5.1. Types of Observational Studies: Cohort Studies


1. Cohort studies

A cohort is any group of individuals sharing a common characteristic. For instance, this may be:

  • Demographic factor such as age, race, or sex or born within a given time frame;
  • Constitutional factor such as blood group or immune status;
  • Behaviour or activity such as smoking or having been at a certain public event; or
  • Circumstance such as living near a toxic waste site

Cohort studies are longitudinal, observational studies, which investigate predictive risk factors and health outcomes within one or more cohorts. Cohort studies may comprise healthy persons, or may start by sampling people with a disease or condition. They differ from clinical trials, in that no intervention, treatment, or exposure (see below) is administered to the participants. Because of the observational nature of cohort studies, they predominantly serve to determine association (correlation) between an exposure and outcome (e.g., disease) rather than a causal relationship.

Exposures can be general characteristics, such as age or sex; risk factors, such as smoking or alcohol consumption; a health-related intervention; or a disease. Exposure can be categorised as present or absent or by levels of exposure, such as blood pressures.

A central feature of a cohort study is that for a cohort of all exposed persons, the risk (or the rate) for the outcome can be calculated as [(persons with both exposure and outcome) / (all exposed persons)]. If a comparison group of unexposed persons is included, a relative risk can be calculated.

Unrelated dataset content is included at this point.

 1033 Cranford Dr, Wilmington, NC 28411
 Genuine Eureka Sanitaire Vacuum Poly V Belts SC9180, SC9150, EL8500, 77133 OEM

Of note, a comparison group is not a defining feature of a cohort study: for example, when the aim of the cohort study is the description of the disease course or the prognosis.

Cohort studies may be prospective or retrospective.

A prospective cohort study is also called a concurrent cohort study, where the participants are followed up for a period of time (often years) and the outcomes of interest are recorded. The studies are designed before any information is collected. The outcome of interest should be common; otherwise, the number of outcomes observed will be too small to be statistically meaningful (indistinguishable from those that may have arisen by chance). All efforts should be made to avoid sources of bias such as the loss of individuals to follow up during the study. Prospective studies usually have fewer potential sources of bias and confounding than retrospective studies.

In a retrospective cohort study both the exposure and outcome have already occurred at the outset of the study. Retrospective studies therefore look backwards, e.g., examine exposures to a possible risk in relation to an observed outcome. Often, information is used that has been collected for reasons other than research, such as administrative data or medical records. While this type of cohort study is less time consuming and costly than a prospective cohort study, it is more susceptible to the effects of confounding and bias, and special care should be taken to avoid this. However, if the outcome of interest is uncommon, the size of a prospective investigation required to estimate relative risk is often too large to be feasible and retrospective studies are an alternative. In retrospective studies the odds ratio[1] provides an estimate of relative risk.

Example: Selection Bias in a Retrospective Cohort Study

In a retrospective cohort study, selection bias occurs if selection of exposed & non-exposed subjects is somehow related to the outcome.

  • Investigating occupational exposure (an organic solvent) occurring 15-20 years ago in a factory.
  • Exposed & unexposed subjects are enrolled based on employment records, but some records were lost.
  • Suppose there was a greater likelihood of retaining records of those who were exposed and got disease. Indeed, 20% of employee health records were lost or discarded, except in “solvent” workers who reported illness (1% loss)
  • Workers in the exposed group were more likely to be included if they had the outcome of interest.

Source: Challenges of Observational and Retrospective Studies, Kyoungmi Kim, Ph.D, March 8, 2017 


[1] An odds ratio (OR) is a measure of association between an exposure and an outcome. The OR represents the odds that an outcome will occur given a particular exposure, compared to the odds of the outcome occurring in the absence of that exposure. It is the ratio of the probability a thing will happen over the probability it won’t. In numerical terms, an OR above 1 reflects an increased probability and an OR below 1 a decreased probability of the outcome of interest to happen.